Sonra lokmayı batırıp Simun İskariot’un oğlu Yahuda’ya verdi. Yahuda lokmayı alır almaz Şeytan onun içine girdi. İsa da ona, “Yapacağını tez yap!” dedi. (Yuhanna 13:26b-27)
Nazikçe bir davranıştı bu. Yahudi kültüründe birini onurlandırmak için bir parça ekmek tabaktaki sosa batırılarak kişiye uzatılırdı. İsa Mesih bu bayramın odak noktası olduğu için, Yahuda iki kez onurlandırılmıştı. İsa Mesih, onu onurlandırmayı bütün öğrencilerinin önünde yapmıştı. Ardından “Yapacağını tez yap” diye buyurdu.
Sanki Yahuda’ya son bir şans veriyordu İsa Mesih. Yahuda’nın Rab’be ihanet etmek için talep ettiği para çoktan eline sayılmıştı bile. Mesih bunu biliyordu. Matta 26.bölümden öğreniyoruz ki Yahuda da zaten Mesih’in bildiğini biliyordu; zaten Mesih söylemişti bunu. Öyle bir durumda bile İsa Mesih, “Yapacağını tez yap!” demişti.
“Ne yapacaksın Yahuda?” der gibiydi. Hâlâ bir seçim yapabilirsin. Şu an elinde ekmek varken bile seçimini yapabilirsin. Diğer öğrencilerin hakkında düşündüklerinin tersini yapabilirsin. Çık dışarı, fakirlere yemek dağıt veya sofraya bir şeyler getir. Burada kalıp yemeğini yiyerek vaktini bizimle de geçirebilirsin. Böylece diğerleri gibi bağışlanma alırsın. Seçim yapma şansın hâlâ var.

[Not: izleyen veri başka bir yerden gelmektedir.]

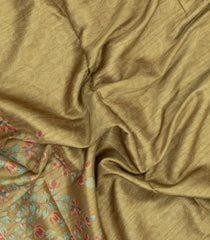 Olive Green Printed Synthetic Tussar Silk Saree With Floral Motifs-SY0079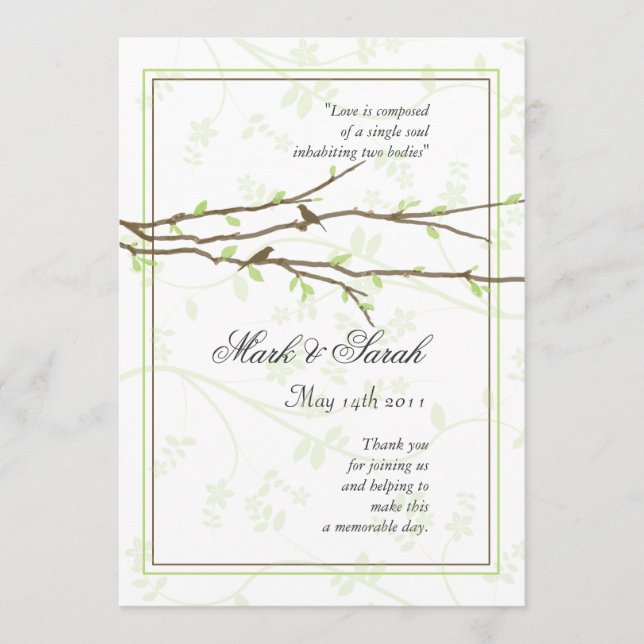 Programme Budding Direcches with Inséparables Program (Devant)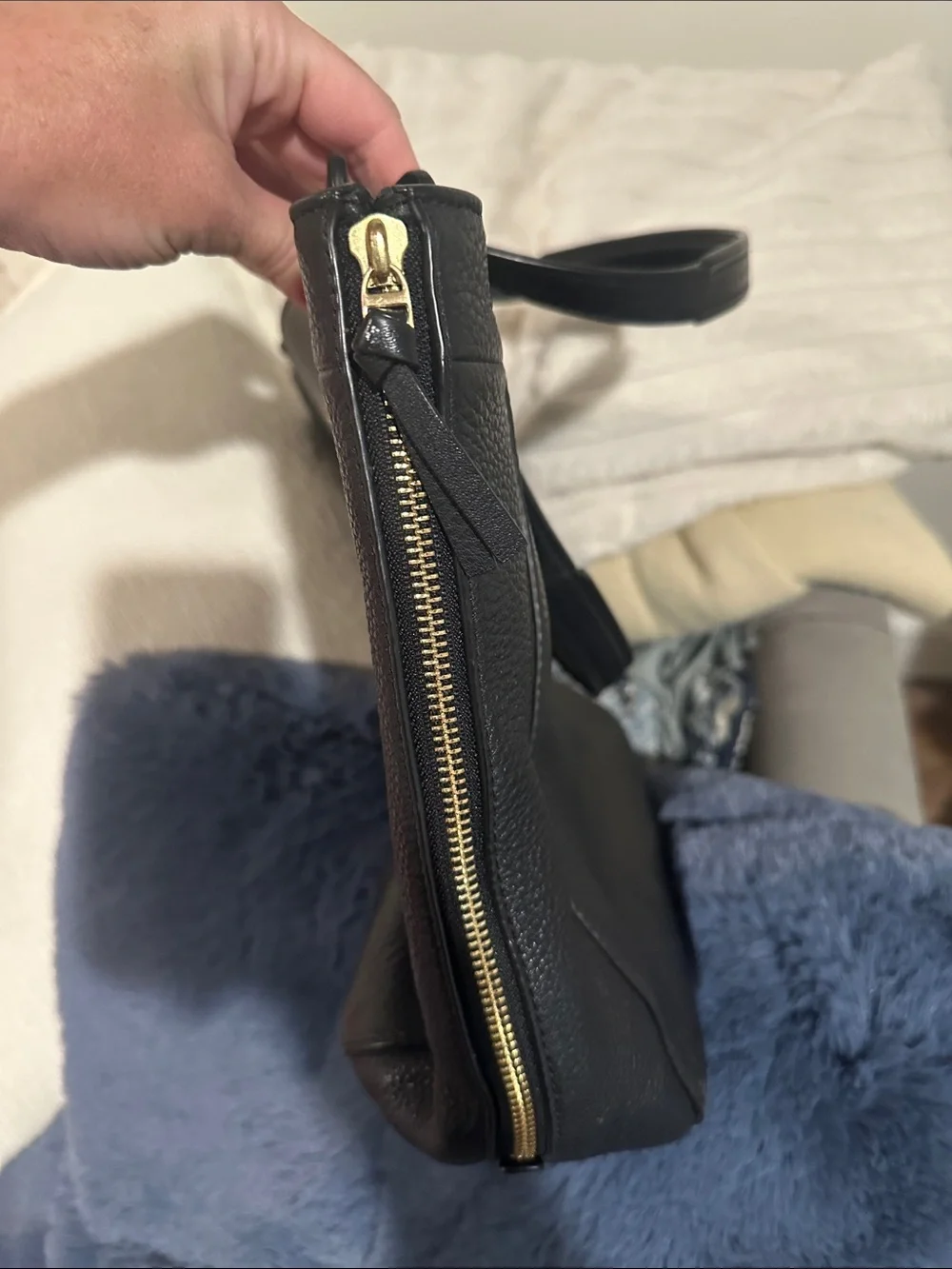 Tory Burch Black Leather Tote with Gold Emblem Ivy Side-Zip Tote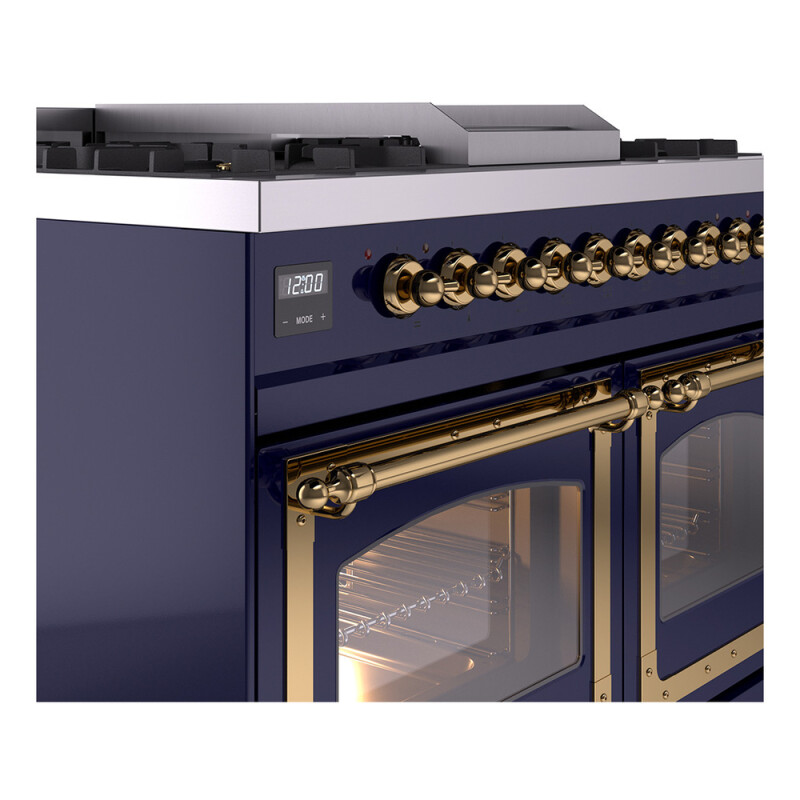 Nostalgie II Noblesse 40″ Dual Fuel Range (Natural Gas, Triple Glass Door, Midnight Blue, Brass) UND40FNMPMBG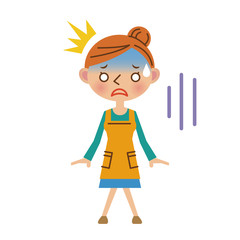 ショックを受ける主婦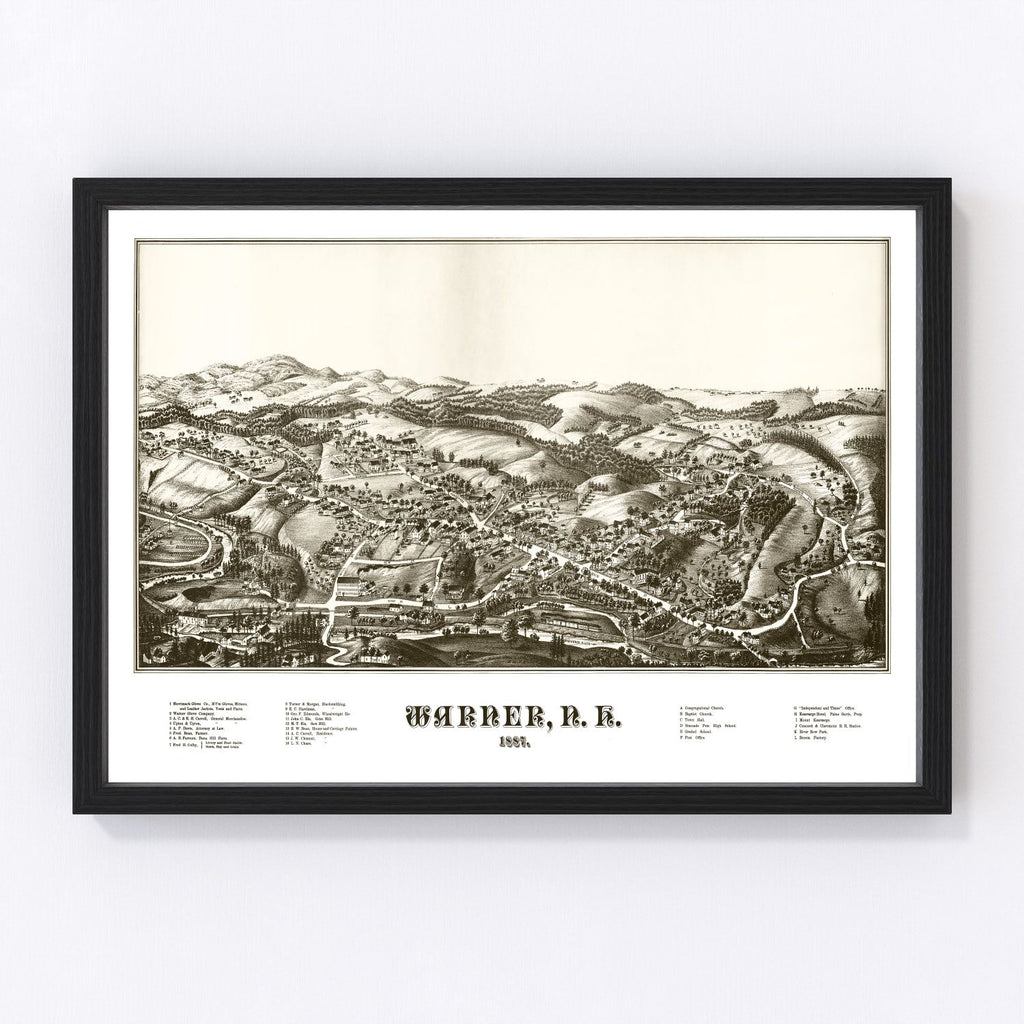 Vintage Map of Warner, New Hampshire 1887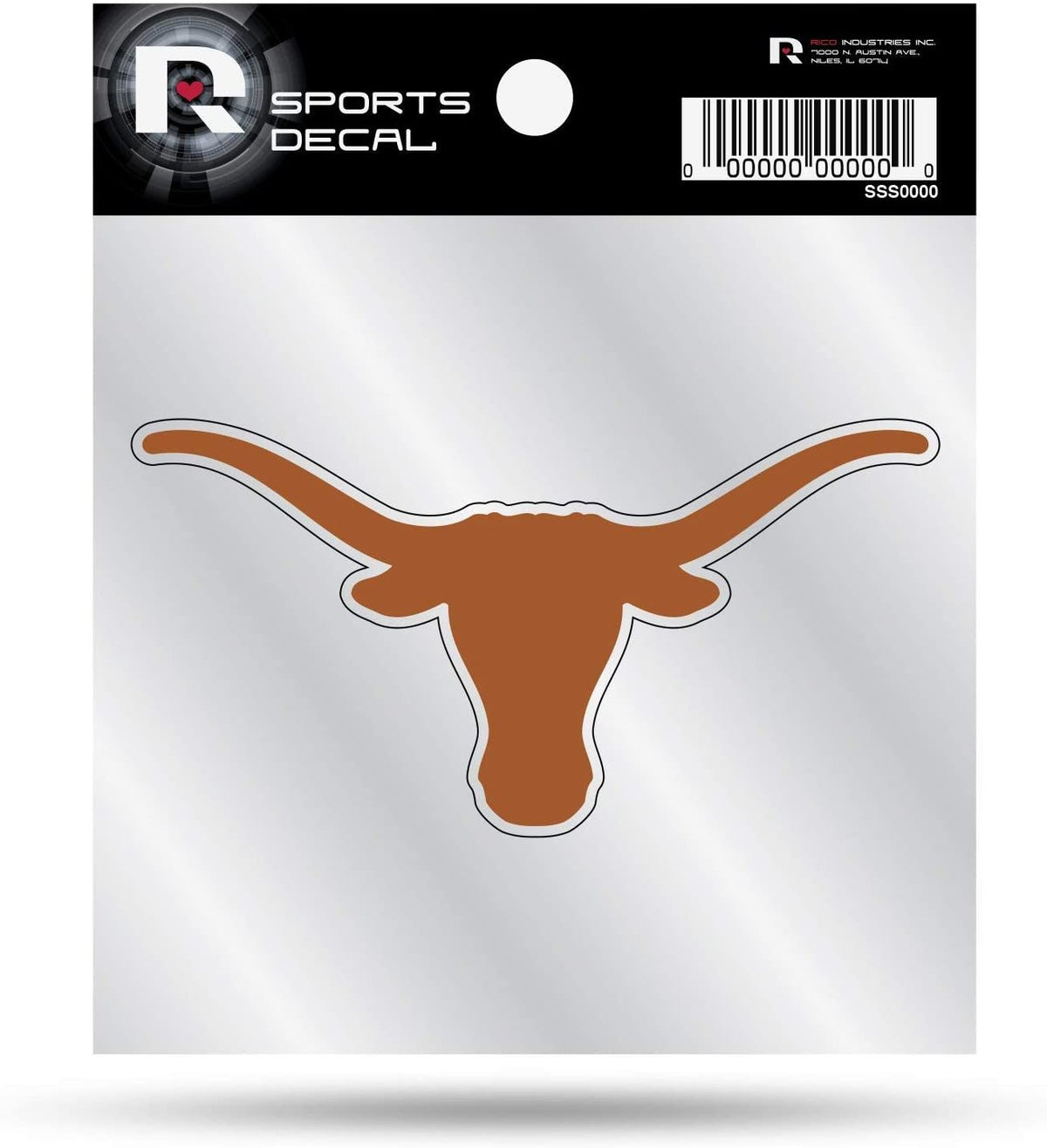 University of Texas Longhorns 4x4 Inch Die Cut Decal Sticker, Primary Logo, Clear Backing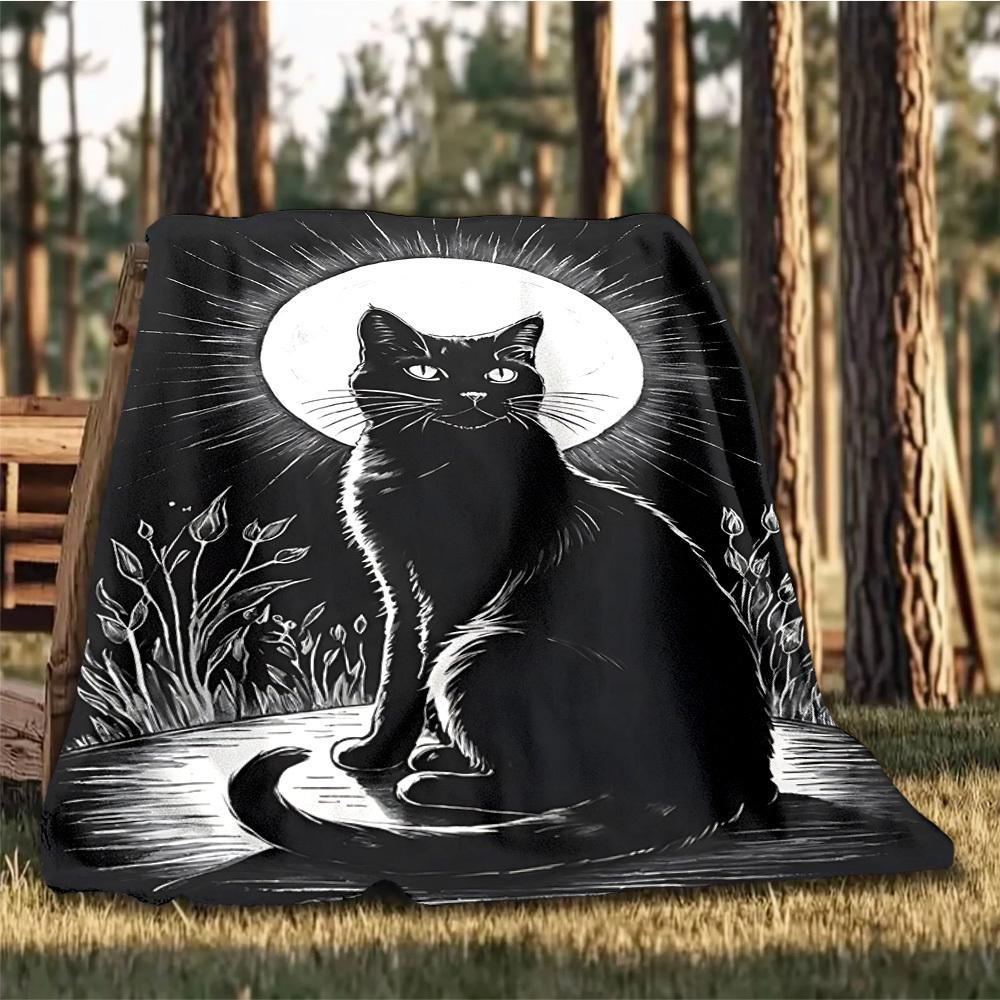 1pc Moonlit Cat Throw Blanket Polyester Fiber, Lightweight Flannel, Soft & Warm, All Season Use for Outdoor, Camping Digital Print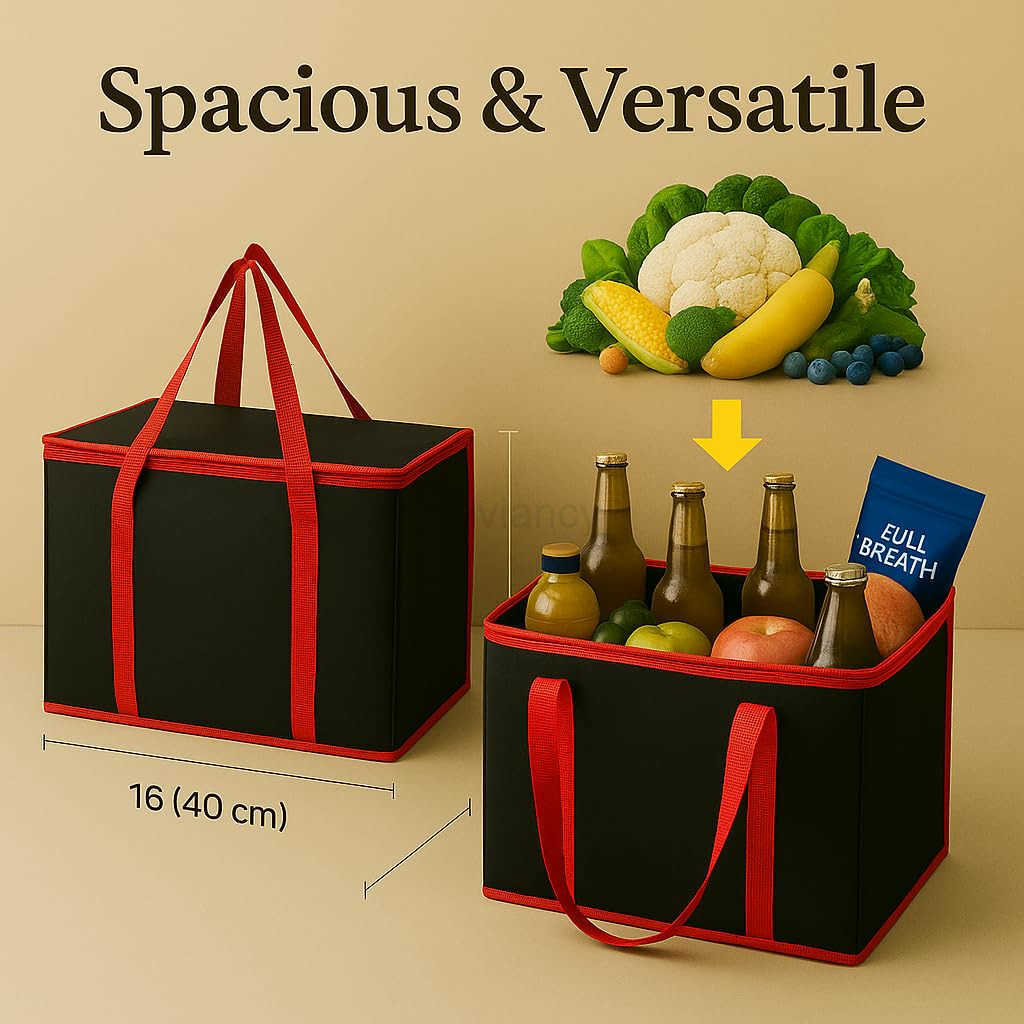 2Pack XLLarge Insulated Grocery Shopping Bags Black Reusable BagThermal ZipperCollapsibleToteCoolerFood Transport hot and ColdCamping delivery GrocW25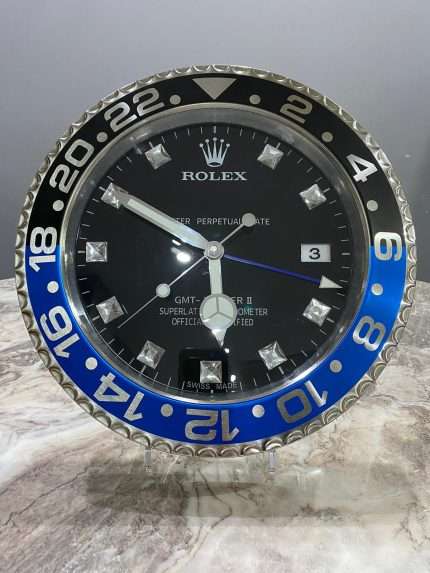 GM MASTER II Wall Clock | Black - Blue bezel and black face (DIAMOND DIAL)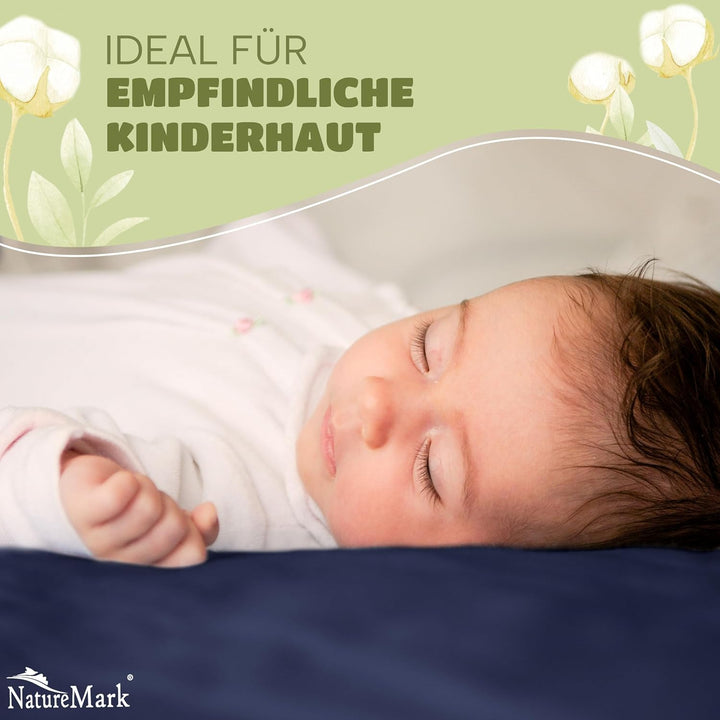 NatureMark Kinder Spannbettlaken 70x140 cm – Weiches Jersey, 100% Baumwolle, 2er Set für Babybett un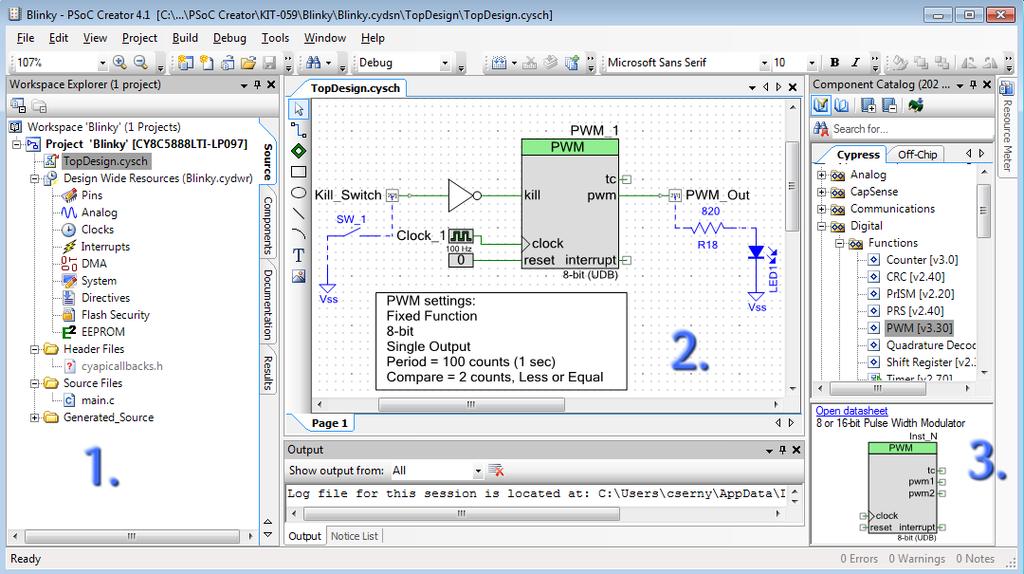 PSOC Creator indítása, Blinky projekt 1. Projekt Felfedező 2. Tervezőablak 3.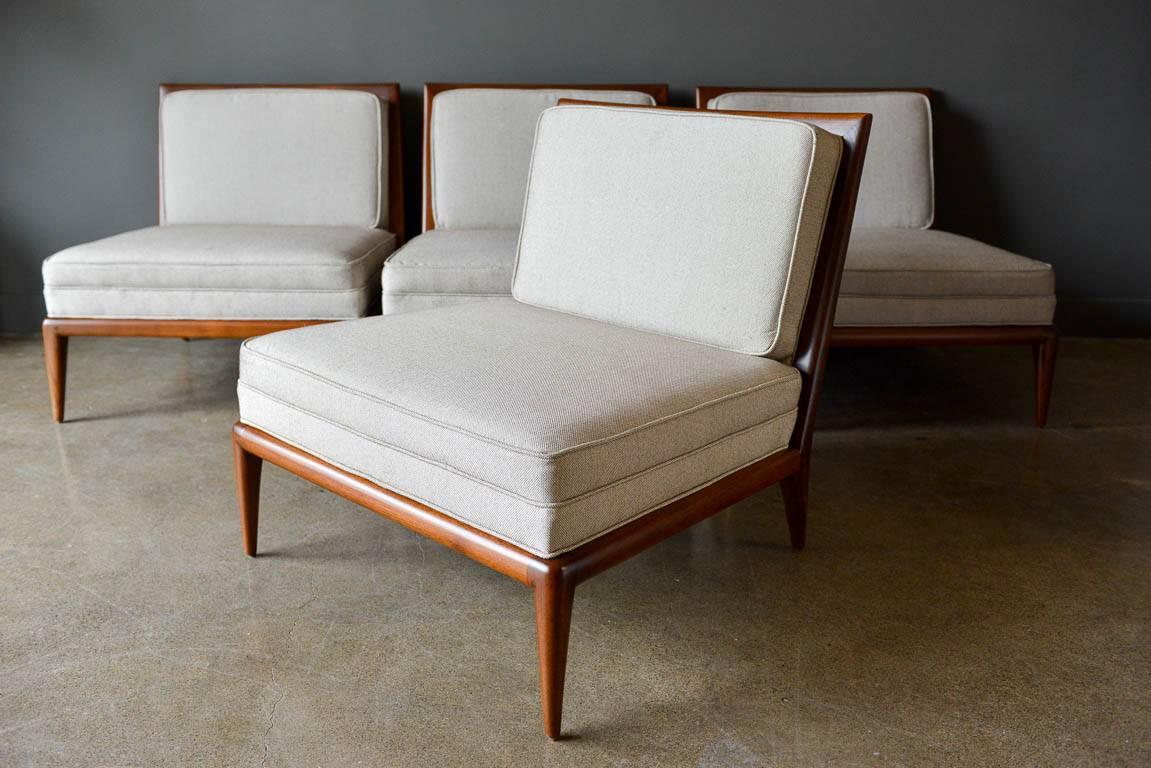 Fabric Pair of Walnut Frame Slipper Chairs, circa 1965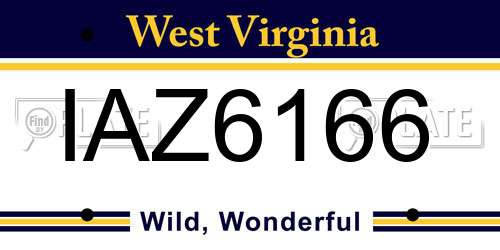 IAZ6166 West Virginia License Plate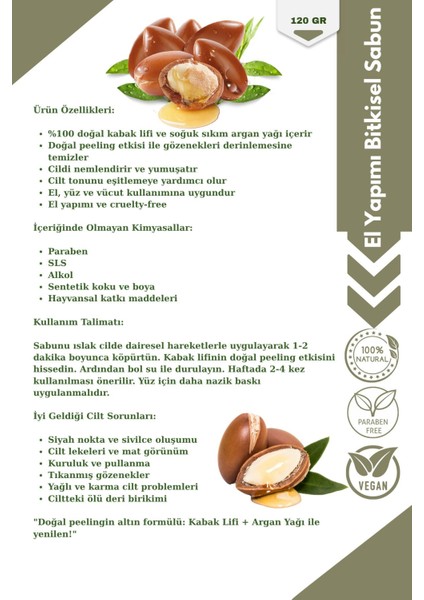 Kabak Lifli El Yapımı Argan Sabunu 120 gr – Doğal Bitkisel Peeling Sabunu modelleri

Mesih Yahuda’yı da sevdi. Yine de özgür iradesini elinden almadı; ihanet ya da sadakatten birini seçmek onun kendi elindeydi. İsa Mesih bizlerin de elinden özgürlüğümüzü almıyor. Armağanlarıyla, Rab’bin sofrasındaki bedeni ve kanıyla, ekmek ve şarapla sevgiye çağırıyor bizi. “Zaman kısa. Bana tâbi olarak imanda kalıp bağışlanma lütfundan almak ister misin? Ne yapacaksan tez yap” diyor bizlere de.
GÜNÜN DUASI: Sevgili Rab’bim, kalbimi sana yönelterek sevginde kalmamı sağla. Beni her an kendinde tut. Amin.